Personally, I’d like to plot against the mundane. We can take down MPSIMS first!
After that, we can read Penthouse forum. It’ll be just like college!
ETA:** Bobbio**- (crosses fingers, hopes I’m cool enough) I am a geneticist who specialized in epigenetic DNA regulation. In other words, other aspects of your DNA and intracellular environment that affects which and how genes are expressed. There are some genes, in which the copy from mom is shut down, but the one from dad is active. So if you have a mutant copy from mom, you’re ok, but if from dad, you’re affected.
Well, I think it’s cool!
All right, Tower! I’m with ya!
OVERTHROW MPSIMS!
What are we replacing it with? Or is this just anarchy for the sake of itself?
Works for me, 99.44%.
OK, I’ve got to ask… what did you put in the ganache without butter or cream??

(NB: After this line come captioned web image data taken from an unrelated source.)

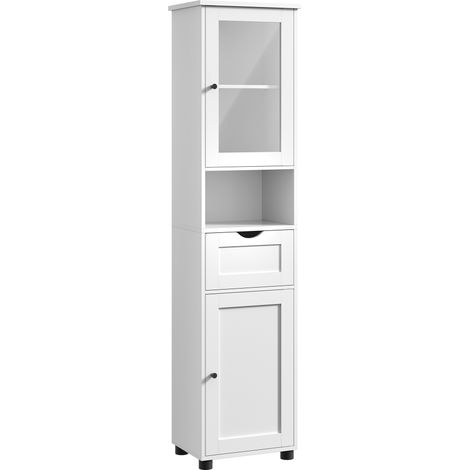 Vasagle – Armoire murale de salle de bain 30 x 40 x 165 cm – 2 portes vitrées – 1 tiroir – Étagères réglables – Panneau d’aggloméré blanc nuage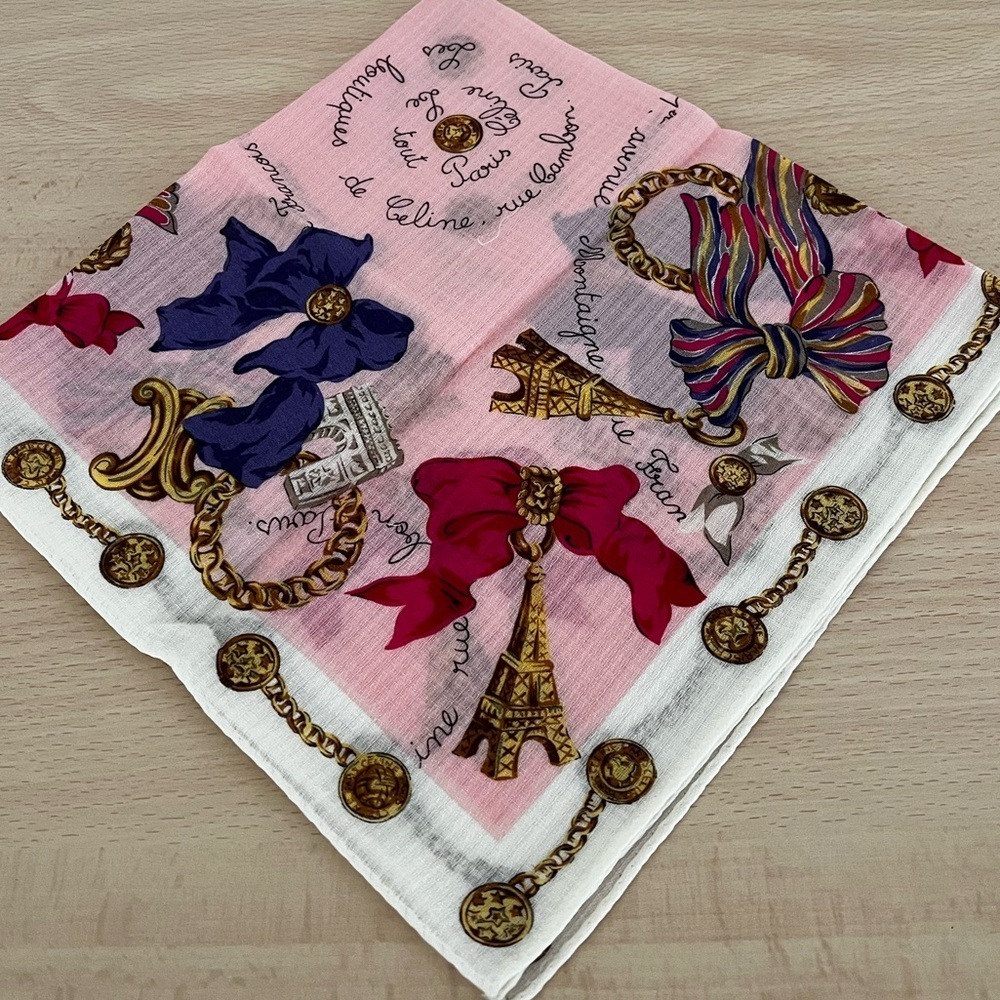 Vintage Celine Paris Arc-de-Triomphe Medallion Era Cotton Voile Scarf BNWT 1970s - Picture 4 of 13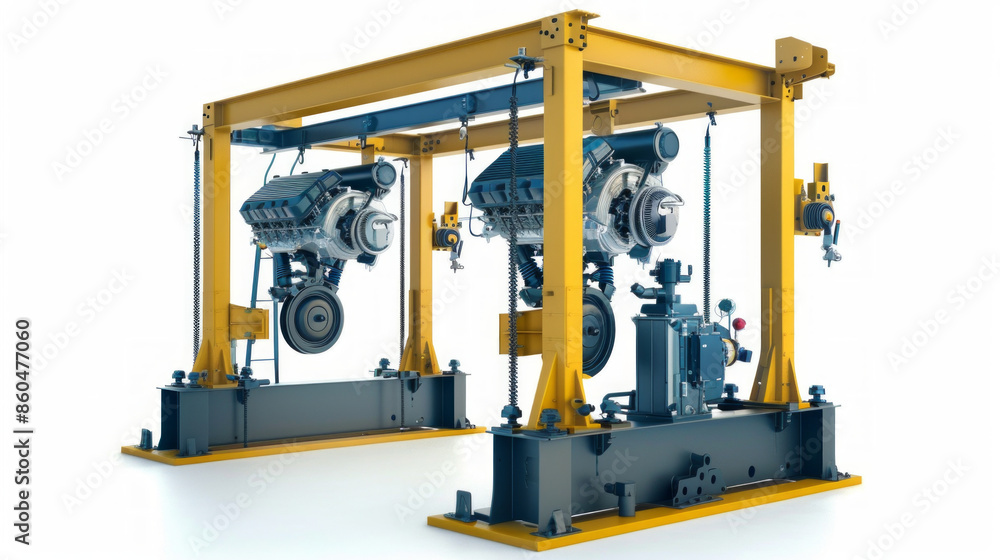 Engine hoists for removing and installing vehicle engines isolated on white background Engine hoists for removing and installing vehicle engines isolated on white background
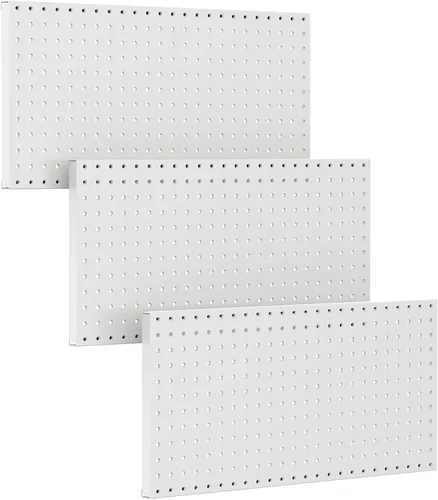 Vista 10 de TORACK 3 piezas de paneles de tablero de clavijas de metal para almacenamiento de herramientas de garaje en pared, tablero de clavijas para banco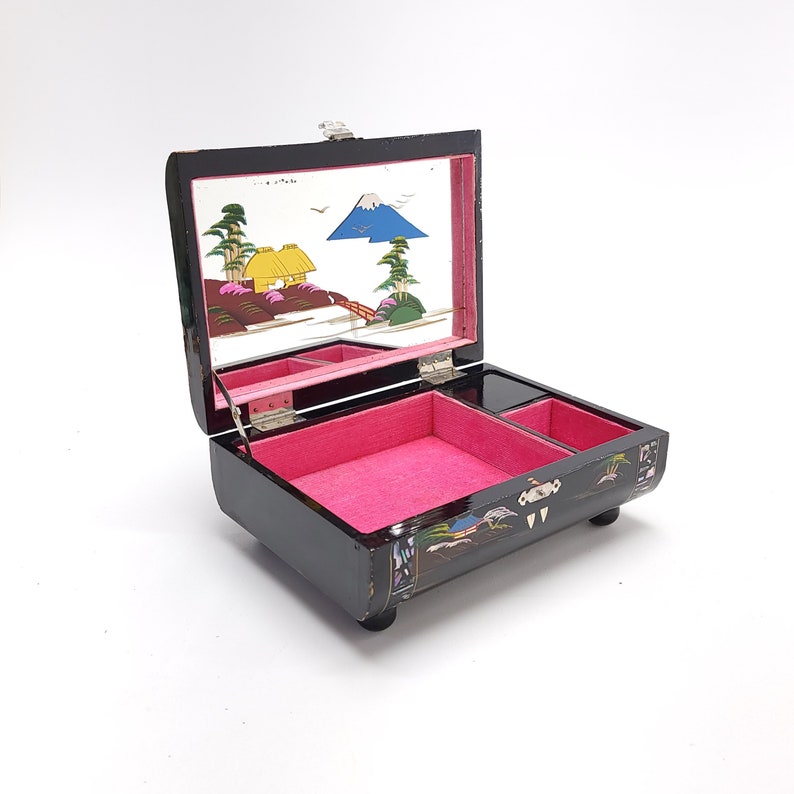 Vintage Japanese Music Jewelry Box Black Lacquer Pink Lining Abalone Shell Inlay Mt. Fuji Mirrored Makeup Vanity MCM 1950's image 1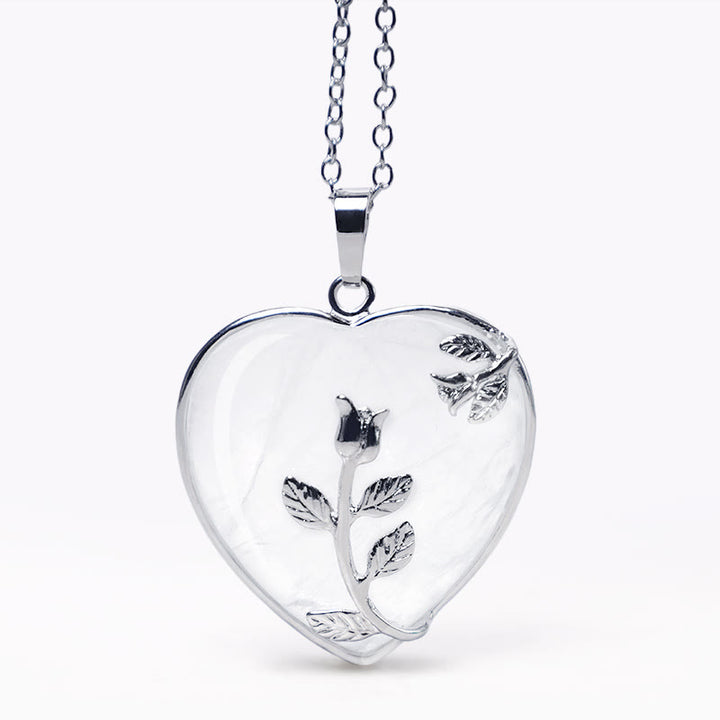 Buddha Stones Natural Healing Crystals Heart Pendant Necklaces - White Crystal - image 13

And what in the world do you cook for them without dairy, beef, nuts, and gluten? I guess maybe I’d do grilled fish, rice or quinoa or polenta, and vegetables. Or a tofu stir fry. OK, I guess I could manage. But we use an awful lot of dairy and wheat and stuff so it’d be a challenge!
Lard
It worked! I was tasty! Um, and some coconut cream, I think.
Mahna, next time I see you remind me that I need to lend you Nineteenth Century Fashion in Detail. It’s fricking gorgeous, and you’re the only person I know IRL who would really appreciate it. Well, beside Attacks Husband, but he’s just interested in anything historical and detailed.
They are also allergic to lamb, and Best Friend’s husband needs a huge amount of protein at every meal. He has Marfan’s Syndrome.
You make ices, apparently.
LiLi, there is but one word to describe a situation like that: Oy.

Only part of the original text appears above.